Move a test from the old to the new test framework.
Still lots more tests required.
Modified:
tomcat/trunk/java/org/apache/tomcat/util/buf/Utf8Decoder.java
tomcat/trunk/test/org/apache/tomcat/util/buf/TestUtf8.java
tomcat/trunk/test/org/apache/tomcat/util/buf/TestUtf8Extended.java
Modified: tomcat/trunk/java/org/apache/tomcat/util/buf/Utf8Decoder.java
URL:
http://svn.apache.org/viewvc/tomcat/trunk/java/org/apache/tomcat/util/buf/Utf8Decoder.java?rev=1452159&r1=1452158&r2=1452159&view=diff
==============================================================================
--- tomcat/trunk/java/org/apache/tomcat/util/buf/Utf8Decoder.java (original)
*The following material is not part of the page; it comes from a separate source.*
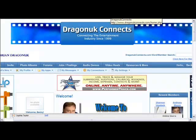Hi, this is Jay Chapin, and here's another tutorial from DragonutConnects.com. This time we're going to be teaching you how to add a photo to your profile, or edit that photo once it's up.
+++ tomcat/trunk/java/org/apache/tomcat/util/buf/Utf8Decoder.java Mon Mar 4
00:50:02 2013
@@ -174,18 +174,20 @@ public class Utf8Decoder extends Charset
if ((bArr[inIndex + 1] & 0xFF) > 0x8F) {
// 11110100 1yyyxxxx xxxxxxxx xxxxxxxx
// Any non-zero y is > max code point
- return CoderResult.unmappableForLength(4);
+ return CoderResult.unmappableForLength(1);
}
}
- if (jchar == 0x60 && inIndexLimit > inIndex +1) {
- if ((bArr[inIndex + 1] & 0x7F) == 0) {
- // 11100000 10000000 10xxxxxx
+ if (jchar == 0x60 && inIndexLimit > inIndex + 1) {
+ if ((bArr[inIndex + 1] & 0x60) == 0) {
+ // 11100000 100yyyyy 10xxxxxx
// should have been
+ // 11oyyyyy 1oxxxxxx
+ // or possibly
// 00xxxxxx
- return CoderResult.malformedForLength(3);
+ return CoderResult.malformedForLength(1);
}
}
- if (jchar == 0x70 && inIndexLimit > inIndex +1) {
+ if (jchar == 0x70 && inIndexLimit > inIndex + 1) {
if ((bArr[inIndex + 1] & 0x7F) < 0x10) {
// 11110000 1000zzzz 1oyyyyyy 1oxxxxxx
// should have been
Modified: tomcat/trunk/test/org/apache/tomcat/util/buf/TestUtf8.java
URL:
http://svn.apache.org/viewvc/tomcat/trunk/test/org/apache/tomcat/util/buf/TestUtf8.java?rev=1452159&r1=1452158&r2=1452159&view=diff
==============================================================================
--- tomcat/trunk/test/org/apache/tomcat/util/buf/TestUtf8.java (original)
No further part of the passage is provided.